Democrats retook full control of the Virginia General Assembly, The Associated Press reported, handing a defeat to Gov. Glenn Youngkin, a Republican who had poured millions of dollars and his personal political capital into expanding power for his party in the legislature.
The Democratic Party not only maintained its narrow hold on the State Senate, but also captured control of the House of Delegates, where Republicans had held a 48-to-46 majority since 2021.
The legislative races had drawn national attention — and millions of dollars in out-of-state contributions and independent expenditures — as a barometer of both Mr. Youngkin’s star power and national sentiment heading into next year’s presidential election.
All 140 legislative seats were on the ballot this year, and even longtime analysts found it difficult to predict who would win races for a legislature that had been scrambled by redrawn political maps and a wave of retirements.
With no contests for federal offices to draw voters to the polls, legislative elections’ outcomes depended on which party or candidate could best energize supporters.
In Virginia, as elsewhere, abortion appeared to be a defining issue, albeit not the only one.
The Supreme Court decision in June 2022 limiting abortion rights has galvanized turnout from Democratic voters nationwide. Virginia was considered a test of Republicans’ ability to blunt blowback against the ruling.
Abortion-rights advocates, including the American Civil Liberties Union, spent freely on ads opposing Republican positions on the issue. But an anti-abortion political action committee, Women Speak Out Virginia, was among the biggest independent spending groups in legislative contests, spending more than $1 million spread over 17 races in an effort to blunt the Democratic message.
Mr. Youngkin dipped into his political action committee, Spirit of Virginia, for a $1.4 million media campaign that portrayed his proposal to ban abortions after 15 weeks of pregnancy — rather than ban them outright — as a common-sense compromise.
By his own choice, Mr. Youngkin was the other major issue in legislative races.
He is not only regarded as a potential candidate for president in 2028, but he has also refused to rule out making a late entry into the race for the 2024 Republican nomination. He barnstormed this fall for Republican legislative candidates in the hopes that a takeover of the legislature would solidify his national standing as a popular Republican in an increasingly Democratic state.

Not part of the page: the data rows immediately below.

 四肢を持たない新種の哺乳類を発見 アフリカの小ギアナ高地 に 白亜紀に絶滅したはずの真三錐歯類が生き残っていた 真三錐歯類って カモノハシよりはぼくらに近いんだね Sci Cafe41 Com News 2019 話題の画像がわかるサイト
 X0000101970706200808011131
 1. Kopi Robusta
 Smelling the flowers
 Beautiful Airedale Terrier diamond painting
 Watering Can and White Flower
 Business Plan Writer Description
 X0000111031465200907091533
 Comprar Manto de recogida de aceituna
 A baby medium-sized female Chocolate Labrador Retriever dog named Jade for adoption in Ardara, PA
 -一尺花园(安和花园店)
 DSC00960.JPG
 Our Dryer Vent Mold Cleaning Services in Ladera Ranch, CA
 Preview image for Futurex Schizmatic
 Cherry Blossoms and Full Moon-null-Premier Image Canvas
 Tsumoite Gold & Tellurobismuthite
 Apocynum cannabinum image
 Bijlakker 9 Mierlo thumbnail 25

Last month alone, his political action committee donated at least $2.3 million to G.O.P. candidates for legislative seats and another $2.35 million to the state Republican Party.
But the national Democratic Party had poured $1.5 million into the legislative campaigns as of early October, and most likely more after that. A pro-Democrat PAC, the States Project, donated another $4.5 million to the party’s candidates.
“Youngkin has been campaigning like there’s no tomorrow, because this matters so much to him and his national ambitions,” said Larry Sabato, the director of the Center for Politics at the University of Virginia.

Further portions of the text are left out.